Which requirement do  you think you do not meet ?


----------



## Keith C (Sep 16, 2019)

Bloke said:


> Which requirement do  you think you do not meet ?



My interpretation of his wording is that the requirement he assumed he was missing was that of knowing a Mason.


----------



## jermy Bell (Sep 16, 2019)

I'm lucky there isn't a height requirement.


----------



## Bloke (Sep 19, 2019)

Keith C said:


> My interpretation of his wording is that the requirement he assumed he was missing was that of knowing a Mason.

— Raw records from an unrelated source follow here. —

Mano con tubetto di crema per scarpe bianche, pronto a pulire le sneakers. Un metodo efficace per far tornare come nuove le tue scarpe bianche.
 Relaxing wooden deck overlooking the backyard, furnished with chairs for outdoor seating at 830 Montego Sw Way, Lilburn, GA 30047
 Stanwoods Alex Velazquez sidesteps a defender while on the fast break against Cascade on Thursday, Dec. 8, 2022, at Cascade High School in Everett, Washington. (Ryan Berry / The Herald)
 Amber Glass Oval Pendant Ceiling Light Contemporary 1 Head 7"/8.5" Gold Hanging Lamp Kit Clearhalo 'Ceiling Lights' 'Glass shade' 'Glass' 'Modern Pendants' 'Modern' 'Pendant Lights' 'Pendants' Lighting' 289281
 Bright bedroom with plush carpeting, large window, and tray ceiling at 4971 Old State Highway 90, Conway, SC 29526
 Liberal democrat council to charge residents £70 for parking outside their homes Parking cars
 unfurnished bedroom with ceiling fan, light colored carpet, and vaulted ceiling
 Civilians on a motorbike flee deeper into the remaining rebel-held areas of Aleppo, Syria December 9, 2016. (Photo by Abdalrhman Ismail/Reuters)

You know what they say about assumptions Brother


----------



## Winter (Sep 20, 2019)

Bloke said:


> You know what they say about assumptions Brother



When you assume you make an ass out of Uma Thurman?


----------



## Brother JC (Sep 20, 2019)

Bloke said:


> You know what they say about assumptions Brother



You make an ass of of you and umption! (Said to Geena Davis.)


----------



## Warrior1256 (Sep 23, 2019)

Bloke said:


> You know what they say about assumptions Brother





Winter said:


> When you assume you make an ass out of Uma Thurman?





Brother JC said:


> You make an ass of of you and umption! (Said to Geena Davis.)


Lol!


----------